Recommended workflow after generation
Generate the first draft, then edit it with the service owner. Replace every example command with tested commands, add expected outputs, link dashboards and alert names, and define escalation contacts. Next, dry-run the procedure in staging: start, stop, deploy, health check, and rollback. Finally, add a Last verified date and schedule a quarterly review using the checklist in references/runbook-templates.md.
runbook-generator skill FAQ
Is runbook-generator enough for a production runbook?
Not by itself. runbook-generator creates a structured baseline, but production readiness depends on verified service-specific details. A production runbook should include real commands, access prerequisites, known failure modes, rollback decision points, links to dashboards, alert routing, escalation owners, and tested expected outputs.
When should I not use this skill?
Do not use it as the only source for safety-critical, compliance-heavy, or high-risk database operations. It can help scaffold database maintenance notes, but migration ordering, lock risks, backup validation, and restore procedures require engineering review. Also avoid publishing generated runbooks for systems you cannot test in staging.
How does it compare with an incident template?

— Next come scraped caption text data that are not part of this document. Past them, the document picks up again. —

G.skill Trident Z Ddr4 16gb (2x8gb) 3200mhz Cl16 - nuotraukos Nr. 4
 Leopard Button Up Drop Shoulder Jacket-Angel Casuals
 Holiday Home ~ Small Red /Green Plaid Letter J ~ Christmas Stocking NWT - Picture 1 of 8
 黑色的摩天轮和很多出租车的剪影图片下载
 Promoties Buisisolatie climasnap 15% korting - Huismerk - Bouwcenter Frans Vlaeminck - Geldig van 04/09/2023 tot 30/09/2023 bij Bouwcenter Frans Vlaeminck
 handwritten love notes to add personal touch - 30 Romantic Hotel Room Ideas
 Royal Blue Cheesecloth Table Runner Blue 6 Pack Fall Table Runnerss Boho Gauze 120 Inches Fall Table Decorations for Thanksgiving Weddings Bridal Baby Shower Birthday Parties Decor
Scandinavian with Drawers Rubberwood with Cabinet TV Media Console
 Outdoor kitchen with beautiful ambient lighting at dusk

An incident template usually focuses on triage, mitigation, communication, and postmortem follow-up. The runbook-generator skill is broader: it covers daily operational procedures such as start, stop, health checks, deployment, rollback, and escalation. For incident-heavy services, combine the generated runbook with the incident response template in references/runbook-templates.md.
Is it beginner friendly?
Yes, if the user understands the target service or can interview someone who does. Beginners benefit from the clear structure, but they may need help filling in deployment commands, observability links, severity rules, and rollback criteria. The skill is best used as a guided checklist, not as an autonomous infrastructure expert.
How to Improve runbook-generator skill
Improve runbook-generator inputs before asking for output
The biggest quality gain comes from better source facts. Before invoking runbook-generator, gather:
- Service name, owner, Slack channel, and escalation path.
- Environment, runtime, deployment tool, and CI/CD workflow.
- Health endpoints, smoke tests, dashboards, and alert names.
- Dependency list: databases, queues, APIs, caches, and third-party services.
- Rollback method, last-known-good release source, and rollback triggers.
- Recent incidents or known failure modes.
These details prevent the draft from becoming a generic operations page.
Replace placeholders with verifiable procedures
Common failure modes include vague steps like “check logs,” “monitor metrics,” or “rollback if needed.” Convert them into executable instructions:
- Instead of “check logs,” write the exact log query or dashboard link.
- Instead of “run smoke tests,” list commands and expected responses.
- Instead of “rollback if errors occur,” define thresholds and time windows.
- Instead of “contact owner,” name the PagerDuty service, Slack channel, and backup team.
A runbook is useful when an on-call engineer can follow it under pressure without guessing.
Use templates to expand beyond the default scaffold
After the first draft, use references/runbook-templates.md to add depth where the service needs it. For a deployment-heavy service, add pre-deployment checks, artifact verification, smoke tests, and communication notes. For incident response, add first-five-minute triage, diagnosis sources, mitigation options, and postmortem actions. For database work, add backup verification, lock-risk notes, sequencing, and restore checks.
Iterate after staging and real incidents
The best runbooks improve through use. After a staging dry-run, update broken commands, missing permissions, unclear expected outputs, and timing assumptions. After an incident, add what responders actually needed: faster diagnosis links, clearer severity mapping, safer mitigation steps, or a better rollback threshold. Keep the Last verified field current, and review the runbook whenever deployment configs, CI pipelines, schemas, or runtime environment files change.